1. he cast Scarlett Johansson as a bodiless sexual wonder. Bodiless is the key because Sofia Coppola made Scarlett Johansson a sex symbol in Lost in Translation, which is the script she wrote in days while she was working on Marie Antoinette; also, it is a script that depicts her marriage to Spike Jonze and his cheating on her with Cameron Diaz.

2. in the previews, he used music that Dustin O' Halloran composed for Sofia Coppola's Marie Antoinette

3. it's those sunlight, soft light flashbacks of Rooney Mara. that is a Sofia Coppola trademark. she always always always uses sunlight, soft light close ups to signify memories, and most of The Virgin Suicides is composed of these shots.






4. the bedroom looks incredible similar to the hotel room in Lost in Translation especially the alone-in-the-early morning-looking-out-this-huge-window scenes.





but I still read the reviews about why Her is in the Oscar race and how Spike Jonze changed his name because he didn't want to be defined by the Spiegel catalogs and fortunes, and I read about his rad early skate films and Jackass and what not; I read what every review seems to be saying about him right now, and I want to like him, but

he's soulless, and I don't mean Andy Warhol soulless, where Warhol wanted to be a machine and he wanted people to enforce their own memories onto his art. I mean, Jonze is soulless in the way that there's no true bonds between anything. his portrayal of women (Diaz in Being John Malkovich and Adams in Her) are so disproportionate. it's like reading Baudelaire: the women of this world are lowly and have too many issues and only the ones that are unattainable-- the women that are written in the stars-- are the ones that are worshiped.

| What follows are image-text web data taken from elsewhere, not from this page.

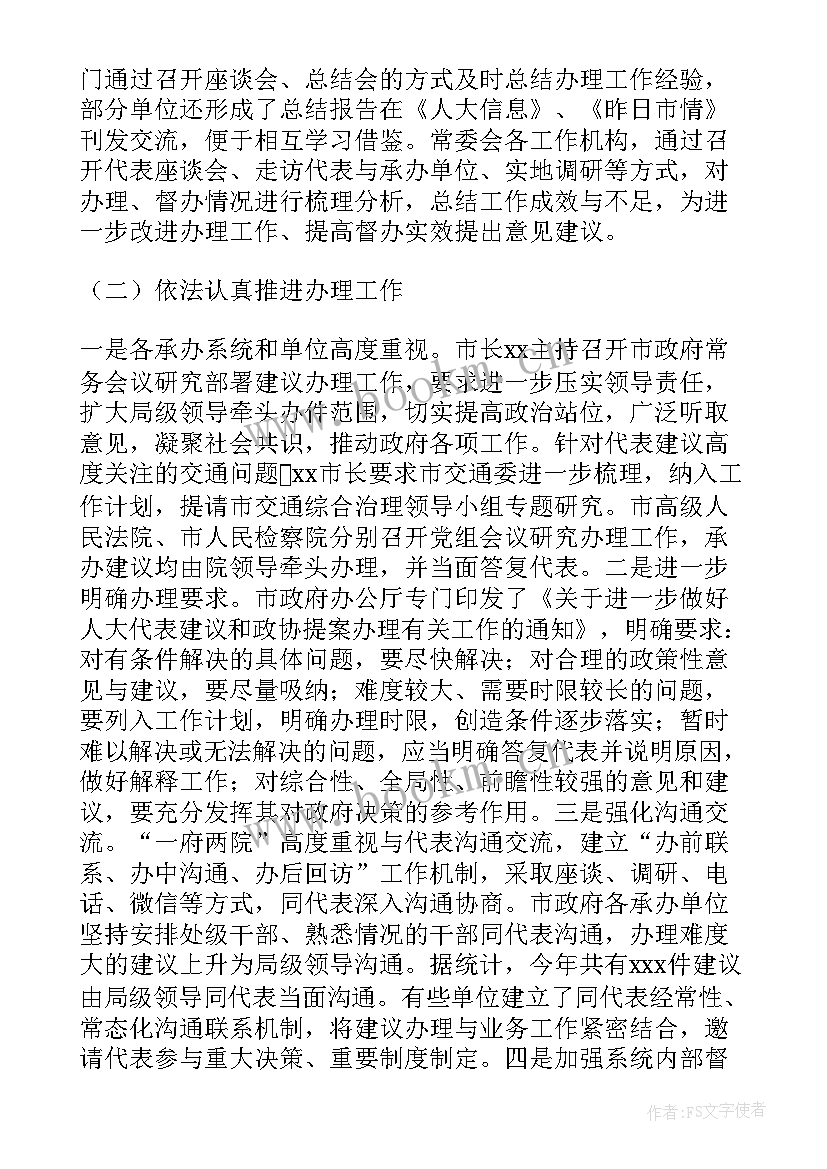 2023年人大代表建议报告(精选5篇)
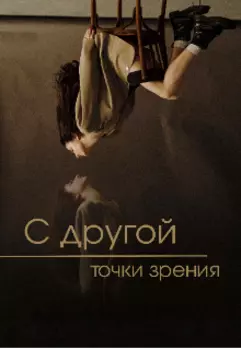 С другой точки зрения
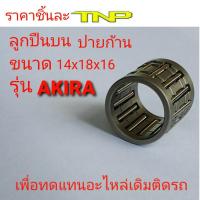 ราคา ิBEARINGลูกปืนปายก้าน ลูกปืนบน BEARINGลูกปืนกงนกลูกปืนปลายก้านY80ลูกปืนปลายก้านGTOลูกปืนปลายก้านDIOลูกปืนปลายก้านDJ1ลูกปืนปลายก้านKR150 (8333930411)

I left Her feeling just as empty as every other Spike Jonze film. there were parts that didn't tie together (like the role of the newborn baby that is shown at least twice, in flashbacks, in Rooney Mara'a arms) and poor editing choices (the only parts of the film that truly showed Theodore Twombly's growth was in montages), and the whole movie just tried so so hard to prove that Twombly is a "complex, soulful man" Also, again, it was no stretch to put Joaquin Phoenix as the main role and casting Scarlett Johansson as the intellectual sex symbol, bodiless or not. in all of Jonze's films, I find so much speculation and not enough doing. I find him attempting to be overly intellectual, but failing to find a truth, a pattern of feeling, in the end. Putting two old friends on a roof to look at the skyline and reflect on being human and being in the world is not a metaphor anymore. it's pretty much equal to meaning nothing, which is what I think Her measures up to.